Working Late: Smart work or Fate?

Sanjeev Jain
Saturday, April 1, 2006
Sanjeev Jain
After 6 pm, I don't want to stay a single minute in the office, but at the last moment things go awry and I end up working late,” rues Vikas Mehta, 24, a developer with India's largest banking software company i-flex Technologies in Bangalore.

He isn’t alone in his company staying or working late, thousands of programmers like him at diverse IT companies spread across the country end up working late. In an industry that demands timely delivery of codes built to order to the customer's specifications, it has become a daily ritual for techies to stay late in the office. The software industry works on hit and trial method. You write a code that is ready to be shipped and lo and behold- you are struck with an error. What do you do then? Work till you get rid of the error. “One small bug and every effort put to make the product goes waste and we stay late to rectify that,” says Mehta.

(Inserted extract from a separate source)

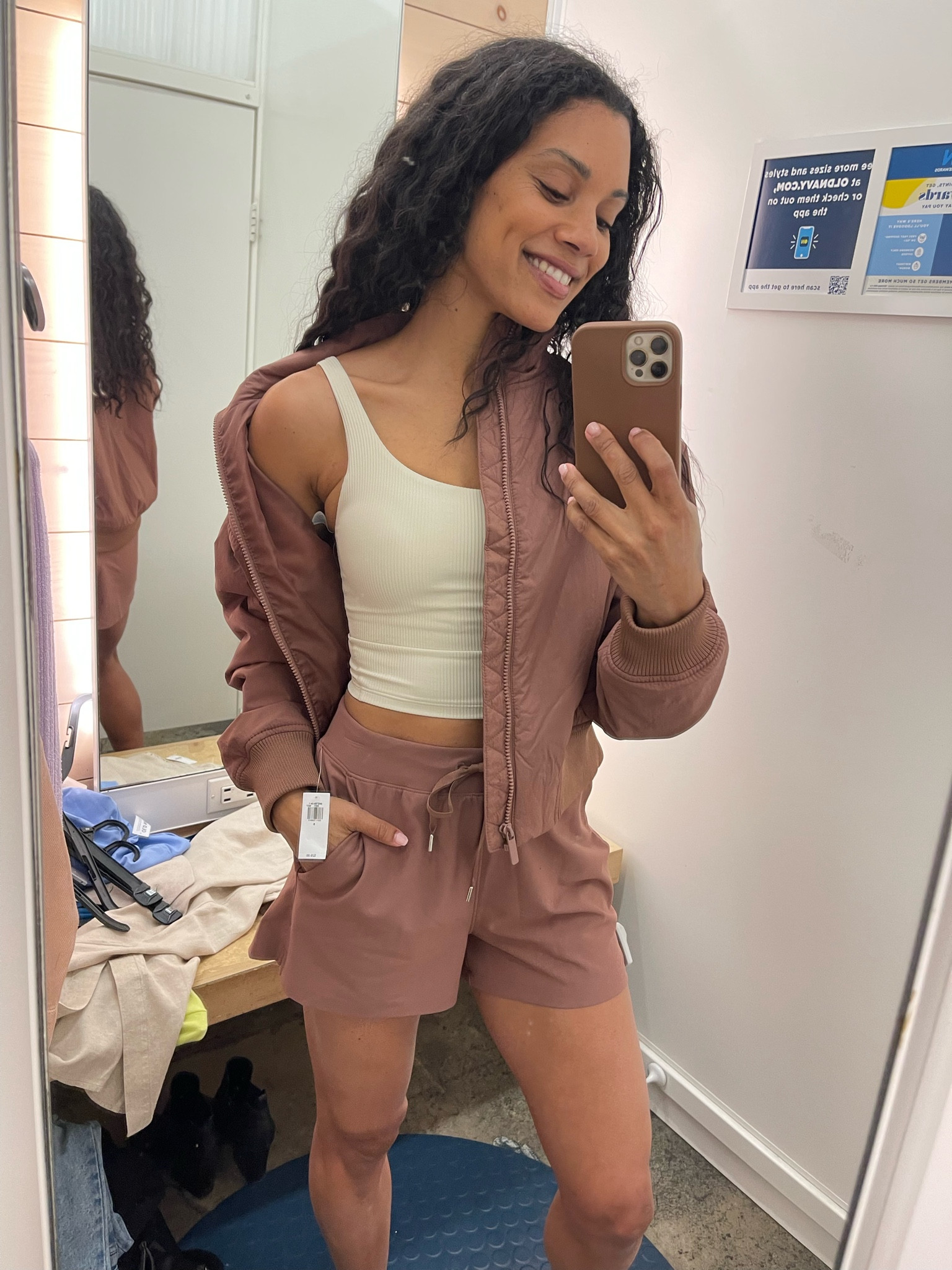 3 piece perfection for Spring! 

#LTKfitness #LTKfindsunder50 #LTKsalealert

Everyone complains about working hours extending even up to midnights and to the weekends and sometimes on Sundays too. Wiry and energetic techies are at extreme ends but nobody seem to have a solution as yet. “It happens all the time. We get calls for clarifications, confirmation and small changes to be included in the project and the problem is that most of the time it comes from abroad,” says Arun Murthy, Associate Consultant, i-flex.

Infosys chief mentor Narayana Murthy says, “I know people who work 12 hours a day, six days a week, or more. Some people do so because of a work emergency where the long hours are only temporary. Other people I know have put in these hours for years. I don't know if they are working all these hours, but I do know they are in the office this long."

Such timings have wrecked havoc in their lives. A lack of team communication and ineffective meetings are the top time wasters. He says, “Little known to the team, it is always poor teamwork and endless meetings which ultimately comes out with nothing more than renewed deadlines.”